America

America

A Story by SydneyLK
"

Written shortly after I arrived for my stay in NYC last year, marking a period of extreme disillusionment and suspicion of my own motives for writing.

"
But again, here we go.

More and more and more and more and more… end? Never...

The Boston to 7th Ave Manhattan bus was packed. I had just managed to squeeze into a seat by the window, but it was hard, all the padding was gone, and every time we hit a bump there was a broken piece inside that clanked and banged into my back. The sky was grey and big clouds swirled over the city like big Atlantic swells as we pulled out onto the highway. Nothing had felt real the whole trip, no emotion at leaving my ol' home and starting a new life, or at least that was the intention, to start a new life. 

I fell asleep almost as soon as the bus pulled out onto the highway. I slept for a few hours, my head on my comfy, worn, leather jacket pressed against the window, my backpack between my leg and the wall, (ain’t nobody gonna steal my pack!).

I woke up past Hartford. The bus was stopped for a little bit, for an accident. We slowly drove by, around the blockade the cops had set up, the cop cars and ambulances blocking the view for all the little cars zipping around, but me, on the top floor of this whale of a double decker bus, I saw over it and saw the guy laying on the stretcher and the other guy standing by the ambulance door, the guy on the stretcher wasn’t moving, blood on his brow, eyes closed. I don’t know. I don’t anything. Don’t ask me.

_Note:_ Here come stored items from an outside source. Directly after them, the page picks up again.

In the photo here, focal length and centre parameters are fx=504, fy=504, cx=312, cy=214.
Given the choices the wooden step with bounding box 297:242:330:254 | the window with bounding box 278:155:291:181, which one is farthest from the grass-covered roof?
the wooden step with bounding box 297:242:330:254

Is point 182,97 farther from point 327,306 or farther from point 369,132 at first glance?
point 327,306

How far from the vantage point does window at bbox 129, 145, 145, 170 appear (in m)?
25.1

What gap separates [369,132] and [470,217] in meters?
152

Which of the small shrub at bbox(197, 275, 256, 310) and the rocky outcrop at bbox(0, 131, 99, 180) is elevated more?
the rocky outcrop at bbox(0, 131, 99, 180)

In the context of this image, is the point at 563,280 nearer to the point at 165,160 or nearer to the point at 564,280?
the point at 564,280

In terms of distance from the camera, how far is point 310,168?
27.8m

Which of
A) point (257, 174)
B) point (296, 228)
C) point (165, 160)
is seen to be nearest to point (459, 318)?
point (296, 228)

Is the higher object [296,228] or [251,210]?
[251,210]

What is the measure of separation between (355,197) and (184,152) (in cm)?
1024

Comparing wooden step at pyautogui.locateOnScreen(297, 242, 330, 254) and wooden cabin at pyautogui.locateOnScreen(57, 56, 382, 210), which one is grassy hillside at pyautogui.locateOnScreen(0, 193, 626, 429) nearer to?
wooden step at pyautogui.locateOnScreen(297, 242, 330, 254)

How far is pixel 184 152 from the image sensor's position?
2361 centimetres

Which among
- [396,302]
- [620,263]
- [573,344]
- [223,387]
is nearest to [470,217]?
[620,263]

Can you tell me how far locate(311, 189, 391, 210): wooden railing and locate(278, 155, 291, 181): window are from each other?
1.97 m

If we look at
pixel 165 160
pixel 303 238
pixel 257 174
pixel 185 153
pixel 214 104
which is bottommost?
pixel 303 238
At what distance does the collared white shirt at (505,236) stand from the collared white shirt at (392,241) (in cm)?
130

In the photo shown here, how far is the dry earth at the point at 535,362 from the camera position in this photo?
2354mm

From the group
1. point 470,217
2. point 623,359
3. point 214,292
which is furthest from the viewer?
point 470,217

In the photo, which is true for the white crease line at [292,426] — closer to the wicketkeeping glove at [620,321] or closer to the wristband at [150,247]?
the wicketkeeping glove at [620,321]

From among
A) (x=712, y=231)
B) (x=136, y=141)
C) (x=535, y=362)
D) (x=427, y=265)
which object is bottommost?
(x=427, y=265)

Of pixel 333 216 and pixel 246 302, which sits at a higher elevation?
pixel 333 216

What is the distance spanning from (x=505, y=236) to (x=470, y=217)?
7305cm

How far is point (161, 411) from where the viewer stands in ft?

I noticed myself crying. Then felt supremely silly. Just a few tears but I was crying for sure.

“What? Just ‘cause you heard Jack Freaking Kerouac had an epiphany and break down on a bus, now you have to? Just ‘cause you read a book you have to act it out? This isn’t you, now sit back and shut up.”

Then it hit me, “You’re right me, this isn’t me.”

“What are you talking about?”

“This isn’t me! That’s why I can’t feel anything! Because none of this is really me! I’m living someone else’s life, it’s not me. Being on this bus, having my guitar down below, having my backpack stuffed with more books and jazz albums than clothes, here, by my leg. This isn’t me. Sitting in the bus terminal, playing my guitar? That’s not me. Who do I think I am? Some concoction of Arlo Guthrie and Jack? No, I’m not. That’s why I can’t feel a thing, that’s why I feel detached, because I am.”

“Oh, shut up. Can’t you see? Even by saying that you’re making yourself someone else. By having this “revelation” sitting here on a bus on your way to New York, staring out at Connecticut, you’re not you.”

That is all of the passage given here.